According to Northern Ireland's Department of Agriculture, Environment and Rural Affairs (DAERA), shipping will not start for another two to four weeks while the administration is organised on both sides, but producers are able to start packing products with a view to exporting.
Nine UK producers already export pork to China, generating £43m last year, while demand for UK pork has doubled in terms of value over the past three years.
Department for Environment, Food & Rural Affairs (Defra) minister of state George Eustice said: "China is a hugely important market for our world-class food industry and, by opening up access even further, more UK businesses can take advantage of the growing appetite for our food and drink.
"British food is produced to the very best standards of welfare, quality and safety and this growth in exports to China is creating more jobs and opportunities for our premium pork producers, who can guarantee quality from farm to fork."
Northern Ireland's chief veterinary officer Robert Huey said the access could be worth £10m to Northern Ireland alone. "This is very welcome news for the Northern Ireland pig sector and for our wider agri-food industry and I look forward to the commencement of exports to China. The deal represents a major boost worth in excess of £10m for the local pork industry.

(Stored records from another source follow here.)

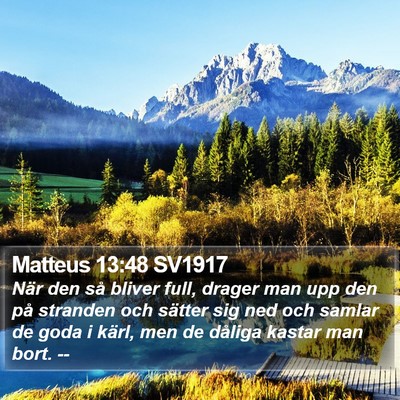 Matteus 13:48 SV1917 Bible Verse Image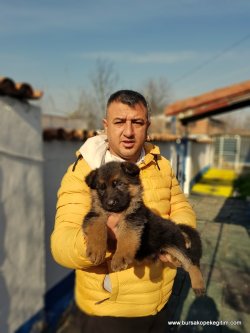 A KALİTE ALMAN KURDU YAVRULARI
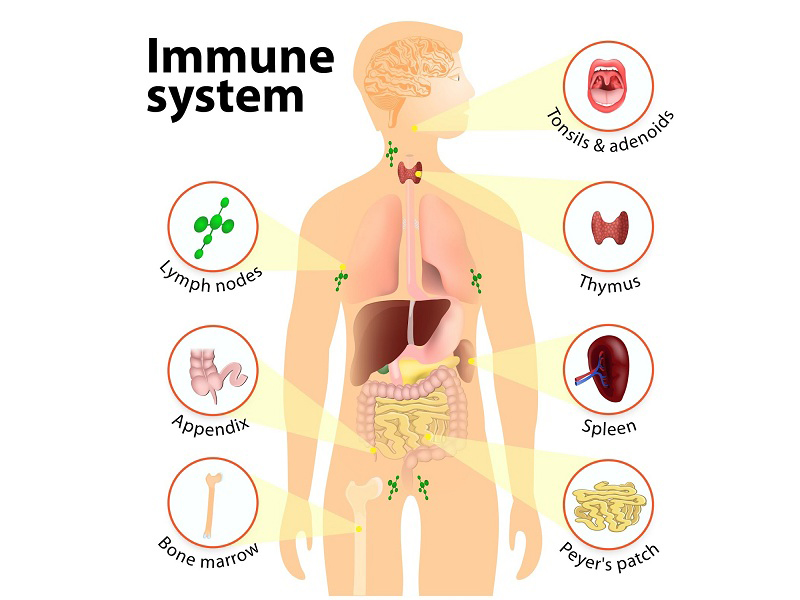 Kuinka parantaa immuunijärjestelmääsi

"This welcome news follows concerted efforts by Defra, supported by the government and industry in Northern Ireland. By recommending approval, the Chinese authorities have recognised the rigorous standards Northern Ireland has in place to produce our high-quality, safe and wholesome pork. We place a clear emphasis on traceability at the heart of our production and processing and recognise that a joined-up, safe and efficient food supply is essential."
Northern Ireland Office Minister Chloe Smith MP said: "I welcome the news that seven UK businesses, including companies based in Northern Ireland, have secured market access for the export of pork to China. It is an exciting example of what the Northern Ireland agri-food sector and, indeed, export market can be, and of what we can achieve in terms of trade, jobs and new opportunities as we build an economy that works for everyone."
Dr Phil Hadley, international market development director for the Agriculture & Horticulture Development Board (AHDB), said: "We are absolutely delighted this new deal has been agreed with China, which will support jobs and create opportunities for UK pork producers for years to come.
"This agreement with China comes hot on the heels of this week's announcement that a £34m deal has been agreed to export UK beef to the Philippines. It is great to hear so much positive news around exports of UK meat and is a testament to the hard work being done to promote the UK food industry on a global stage."
The National Pig Association added that it was "exceptionally happy with this development".
In a statement, it said: "Many people have worked on this deal and we would like to thank all those through the years throughout industry and in government who were involved in securing this amazing result."